Aquella controversia con tres, laúd, guitarra y cuatro puertorriqueño nos mostró un virtuosismo del bueno, del que no pierde sentido ni elocuencia en el orden musical, si bien el despliegue técnico llega al paroxismo, pero todo desencadenado gradual y coherentemente, y se percibe en estos músicos la intención de lograr una imagen polifónica, entendido el término en su sentido más amplio como la ubicuidad de quien despliega una línea sonora y la sostiene simultáneamente con otras, poniendo a funcionar en paralelo el cerebro, la sensibilidad y la condición de prestidigitadores.

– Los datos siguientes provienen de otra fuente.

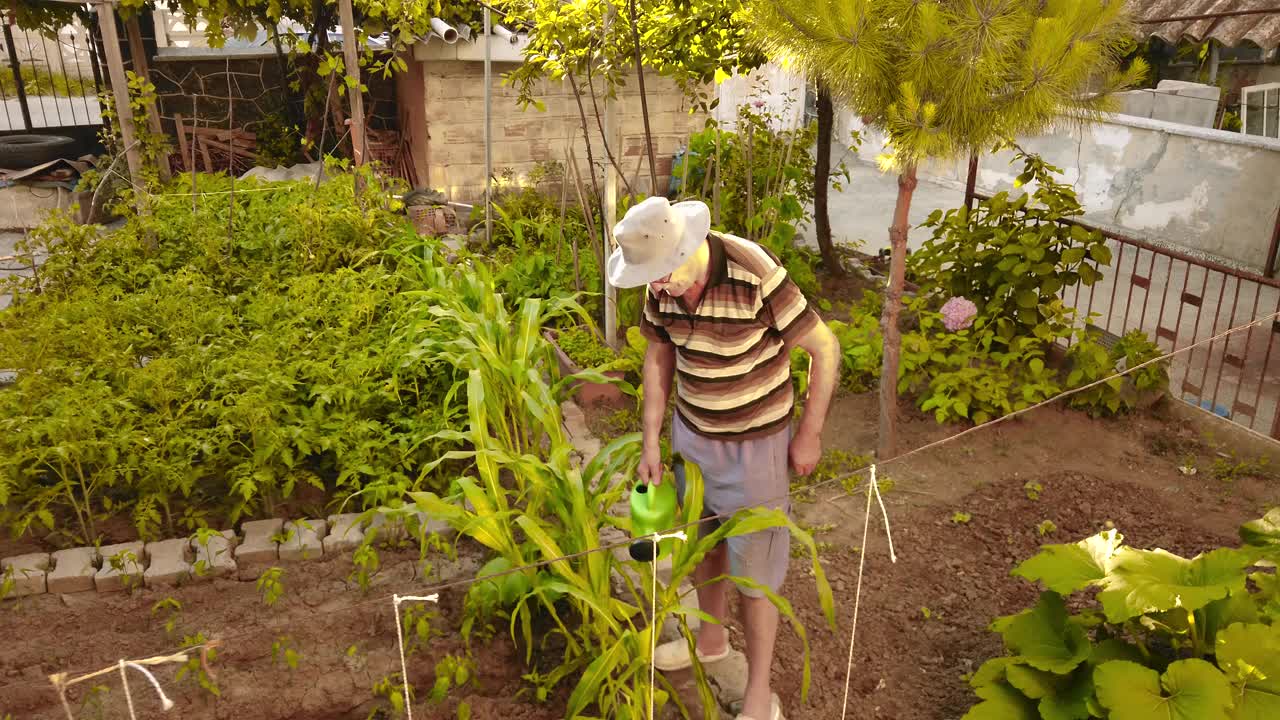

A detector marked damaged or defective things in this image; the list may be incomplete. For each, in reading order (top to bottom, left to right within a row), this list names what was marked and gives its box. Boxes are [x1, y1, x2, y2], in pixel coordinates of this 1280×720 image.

rusty iron fence [0, 17, 104, 131]
rusty iron fence [972, 188, 1274, 440] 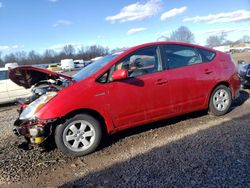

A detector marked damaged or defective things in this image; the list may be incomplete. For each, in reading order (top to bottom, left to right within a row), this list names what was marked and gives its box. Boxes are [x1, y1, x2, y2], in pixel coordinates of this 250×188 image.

crumpled hood [8, 65, 73, 89]
broken headlight [19, 92, 57, 119]
damaged red car [9, 41, 240, 156] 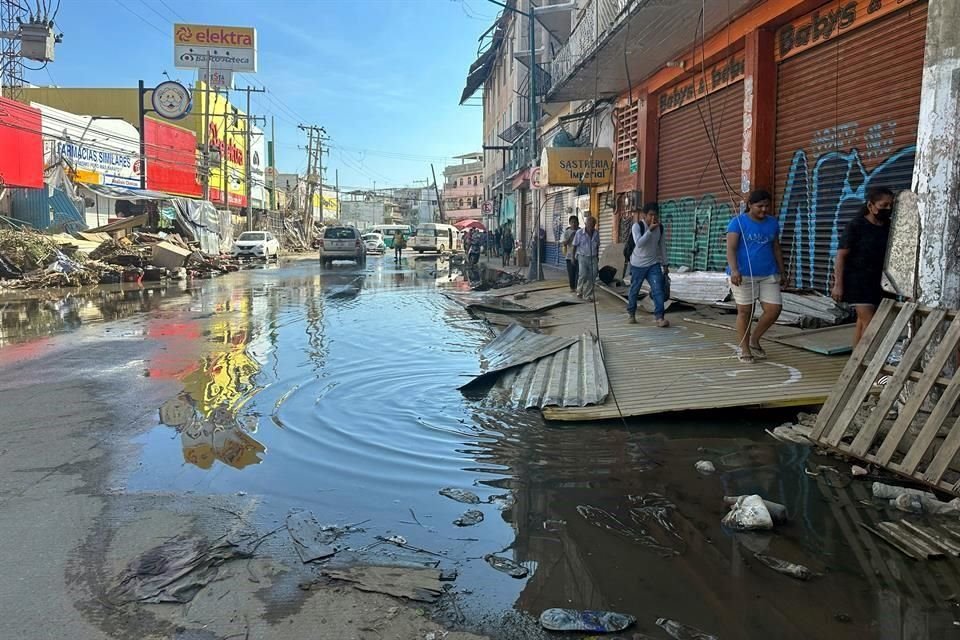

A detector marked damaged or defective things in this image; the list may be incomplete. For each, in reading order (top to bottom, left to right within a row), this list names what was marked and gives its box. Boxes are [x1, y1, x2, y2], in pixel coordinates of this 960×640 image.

broken wood pallet [808, 298, 960, 498] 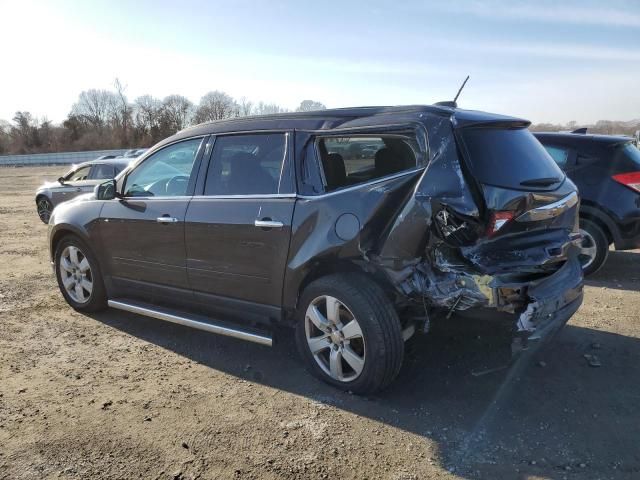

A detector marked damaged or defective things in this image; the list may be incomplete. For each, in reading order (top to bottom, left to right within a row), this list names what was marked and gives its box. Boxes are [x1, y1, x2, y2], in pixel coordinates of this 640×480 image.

broken tail light [612, 172, 640, 194]
broken tail light [488, 212, 516, 238]
damaged black suv [47, 105, 584, 394] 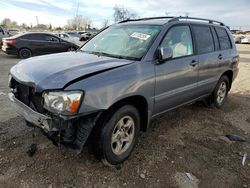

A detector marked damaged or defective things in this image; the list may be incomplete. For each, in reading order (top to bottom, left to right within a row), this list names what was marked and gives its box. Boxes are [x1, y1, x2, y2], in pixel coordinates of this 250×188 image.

crumpled hood [10, 51, 134, 92]
detached tire on ground [211, 74, 229, 107]
detached tire on ground [94, 105, 140, 165]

Sí, porque ya se podrá imaginar cómo sonó en manos de Edwin Colón ese cuatro, punteando con plectro, en una pieza como Un día de noviembre, de Leo Brouwer, sosteniendo él mismo la melodía con los acordes y arpegiados que desgranan la armonía, todo con muy buen gusto y un amplio arsenal que también incluye el efecto de tambora; o esta misma dualidad cuando trabaja a base de vibraciones parciales de las cuerdas, los llamados armónicos.
Otra ocasión demostrativa de la confluencia entre lo académico y lo popular -y no cabría hablar en este caso de hibridación, cuando se ven resultados tan fértiles- estuvo en la gala sinfónica de clausura. Allí estuvieron el cantante puertorriqueño Danny Rivera junto al pianista cubano Frank Fernández, reconocido por su destacada labor de producción discográfica, la Diva del Buena Vista Social Club (título que nunca ha ostentado por sí misma, como tampoco el de la Novia del Feeling) Omara Portuondo, la Orquesta Sinfónica Nacional bajo la batuta del Maestro Enrique Pérez Mesa, el grupo vocal Novel Voz, el Coro Nacional de Niños y varios repentistas encabezados por Alexis Díaz Pimienta, quien sostuvo unas seguidillas a modo de colofón de éste y preámbulo del próximo Cubadisco, que tendrá como centro la música campesina cubana.
Pero hubo de todo en este crisol, donde la voz de Danny Rivera se abrió como una sinfónica, pero la sinfónica se integró como un haz de sonidos bien entrelazados, salvo en algunos instantes que estuvieron a merced del audio, siempre conflictivo a la hora de llenar un inmenso teatro como el Karl Marx donde, sin embargo, no había necesidad de forzar tanto los planos dinámicos, pues se trataba de intérpretes que trabajan hasta el mínimo detalle los matices e intenciones expresivas, un logro que se destacó por encima de cualquier escollo momentáneo. (Fuente: Cubanow)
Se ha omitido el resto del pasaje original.